妻はIT業界の闇、デスマーチに巻き込まれ、休日出勤の只中にあった。22時にもなるというのに帰ってきていない。デスマ滅んでしまえ。ブラック企業ごと滅べ。この世から。跡形もなく。

雨に濡れて体も冷えている。いつ帰ってくるともしれないデスマーチ中のITエンジニアの帰宅など待っていられない。まずは自力脱出を試みる。

脱出の鍵はやはりドアノブである。ドアノブが故障しているのはもはや明白であるが、これをなんとかしないことにはドアは開けられない。現状確認だ。

どう回しても空回るこのドアノブは、調べてみると左にいっぱい回した状態から、右にいっぱい回した状態まで300度ほど回転する。1回転より若干少ない。
そして、ドアノブの中心に鍵をかけるためのつまみがついている。これも空回りするが左右に回転する。

これらの組み合わせで、なにか運良く一瞬でもノッチとドアノブが連動しないだろうかと試してみる。

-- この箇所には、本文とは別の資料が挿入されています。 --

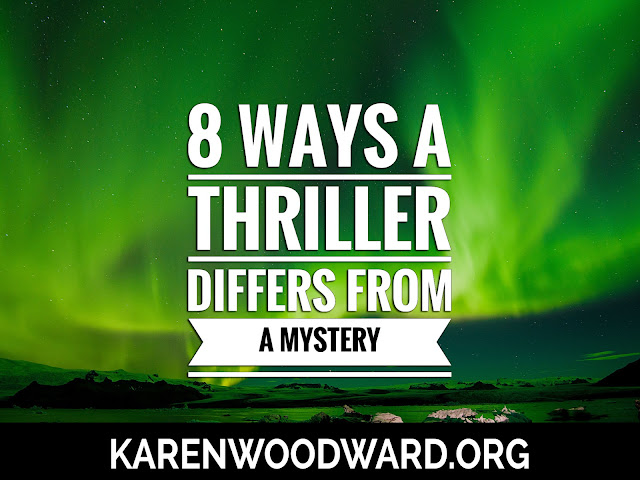 8 Ways A Thriller differs from a Mystery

左にいっぱい回した状態で、鍵のつまみを左右に動かす。次に右にいっぱい回した状態で、鍵のつまみを左右に。これをドアノブを少しずつ動かしながら根気よく組み合わせを試していく。直交表が手元にほしいところであるが贅沢はいえない。頭にExcel方眼紙を思い浮かべながら全てのパターンを網羅する。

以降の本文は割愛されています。